Taking the view that Amazon Services Europe’s conduct, on the one hand, and that of Amazon FC Graben, on the other, infringed its rights in the mark at issue, Coty requested, in essence, that those two companies be ordered, subject to penalties, to desist, in the course of trade, from stocking or dispatching ‘Davidoff Hot Water’ brand perfumes in Germany, or from causing them to be stocked or dispatched, if those goods were not put on the Union market with Coty’s consent. It requested, in the alternative, that the same order be made against those companies in relation to ‘Davidoff Hot Water EdT 60 ml’ brand perfumes and, in the further alternative, that the same order be made against them in relation to ‘Davidoff Hot Water EdT 60 ml’ brand perfumes which have been stored on behalf of the seller or which cannot be attributed to another seller.
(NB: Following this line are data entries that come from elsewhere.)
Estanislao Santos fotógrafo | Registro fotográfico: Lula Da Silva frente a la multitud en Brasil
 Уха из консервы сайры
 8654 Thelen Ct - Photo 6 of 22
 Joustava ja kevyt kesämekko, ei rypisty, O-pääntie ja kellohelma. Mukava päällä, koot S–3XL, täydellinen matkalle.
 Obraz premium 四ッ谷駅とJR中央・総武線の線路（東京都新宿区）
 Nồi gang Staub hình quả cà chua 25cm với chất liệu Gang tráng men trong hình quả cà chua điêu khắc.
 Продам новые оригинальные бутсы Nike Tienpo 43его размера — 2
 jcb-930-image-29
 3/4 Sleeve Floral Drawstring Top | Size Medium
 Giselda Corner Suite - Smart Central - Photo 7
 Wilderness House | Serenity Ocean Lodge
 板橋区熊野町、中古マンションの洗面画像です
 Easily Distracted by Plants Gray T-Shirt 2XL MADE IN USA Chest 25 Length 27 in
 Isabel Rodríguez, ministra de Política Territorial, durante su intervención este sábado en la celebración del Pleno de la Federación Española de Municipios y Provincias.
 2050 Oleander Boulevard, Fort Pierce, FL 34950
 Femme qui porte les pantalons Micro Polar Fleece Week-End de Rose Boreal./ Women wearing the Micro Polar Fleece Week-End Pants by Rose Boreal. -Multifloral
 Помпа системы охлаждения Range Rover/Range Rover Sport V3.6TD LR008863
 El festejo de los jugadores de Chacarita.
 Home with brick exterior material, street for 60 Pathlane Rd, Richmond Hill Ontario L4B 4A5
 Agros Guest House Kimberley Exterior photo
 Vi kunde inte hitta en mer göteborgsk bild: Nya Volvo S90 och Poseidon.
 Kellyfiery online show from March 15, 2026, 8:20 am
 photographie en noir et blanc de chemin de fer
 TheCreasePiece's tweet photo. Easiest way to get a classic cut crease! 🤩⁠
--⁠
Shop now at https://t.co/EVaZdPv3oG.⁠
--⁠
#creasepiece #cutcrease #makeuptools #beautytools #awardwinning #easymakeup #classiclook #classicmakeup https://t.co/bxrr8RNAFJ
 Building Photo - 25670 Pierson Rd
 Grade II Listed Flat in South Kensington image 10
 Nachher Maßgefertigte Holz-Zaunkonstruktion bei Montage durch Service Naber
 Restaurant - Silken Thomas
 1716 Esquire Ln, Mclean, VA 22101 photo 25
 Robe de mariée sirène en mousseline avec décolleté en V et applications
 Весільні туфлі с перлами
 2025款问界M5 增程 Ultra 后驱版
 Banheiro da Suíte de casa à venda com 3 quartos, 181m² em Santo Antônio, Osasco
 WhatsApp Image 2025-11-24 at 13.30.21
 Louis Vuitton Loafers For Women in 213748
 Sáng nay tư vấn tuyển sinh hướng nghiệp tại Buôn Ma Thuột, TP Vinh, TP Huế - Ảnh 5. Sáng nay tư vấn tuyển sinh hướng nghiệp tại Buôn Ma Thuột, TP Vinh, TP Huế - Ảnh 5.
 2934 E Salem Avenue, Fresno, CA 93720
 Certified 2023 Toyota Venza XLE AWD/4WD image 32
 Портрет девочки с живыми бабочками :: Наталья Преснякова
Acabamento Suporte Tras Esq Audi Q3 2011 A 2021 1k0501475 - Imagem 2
The Regional Court, Germany dismissed the action brought by Coty. The appeal brought by Coty was dismissed, with the court of appeal holding, inter alia, that Amazon Services Europe had neither stocked nor dispatched the goods concerned and that Amazon FC Graben had kept those goods on behalf of the seller and other third-party sellers.
Coty brought an appeal on a point of law (Revision) before the referring court. Only Amazon Services Europe and Amazon FC Graben are respondents before that court.
The referring court states that whether that appeal is successful, in so far as Coty disputes the court of appeal’s finding that Amazon FC Graben is not liable as a perpetrator of an infringement of trade mark rights, depends on the interpretation to be given to Article 9(2)(b) of Regulation No 207/2009 and Article 9(3)(b) of Regulation 2017/1001.
In particular, it emphasises that whether the appeal on a point of law is successful depends on whether those provisions are to be interpreted as meaning that a person who, on behalf of a third party, stores goods which infringe trade mark rights, without having knowledge of that infringement, stocks those goods in order to offer them or put them on the market for the purposes of those provisions, even if it is only the third party who intends to offer those goods or put them on the market.
The referring court also states that, since Coty bases one of its claims on the risk of a repeat infringement, its action is well founded only if the conduct of the Amazon group companies in question is established to be unlawful both at the material time in the main proceedings and when the decision on the appeal on a point of law is issued.
In those circumstances, the Bundesgerichtshof (Federal Court of Justice, Germany) decided to stay the proceedings and to refer the following question to the Court of Justice for a preliminary ruling:
‘Does a person who, on behalf of a third party, stores goods which infringe trade mark rights, without having knowledge of that infringement, stock those goods for the purpose of offering them or putting them on the market, if it is not that person himself but rather the third party alone which intends to offer the goods or put them on the market?’
The Court’s decision:
Article 9(2)(b) of Council Regulation (EC) No 207/2009 of 26 February 2009 on the [European Union] trade mark and Article 9(3)(b) of Regulation (EU) 2017/1001 of the European Parliament and of the Council of 14 June 2017 on the European Union trade mark must be interpreted as meaning that a person who, on behalf of a third party, stores goods which infringe trade mark rights, without being aware of that infringement, must be regarded as not stocking those goods in order to offer them or put them on the market for the purposes of those provisions, if that person does not itself pursue those aims.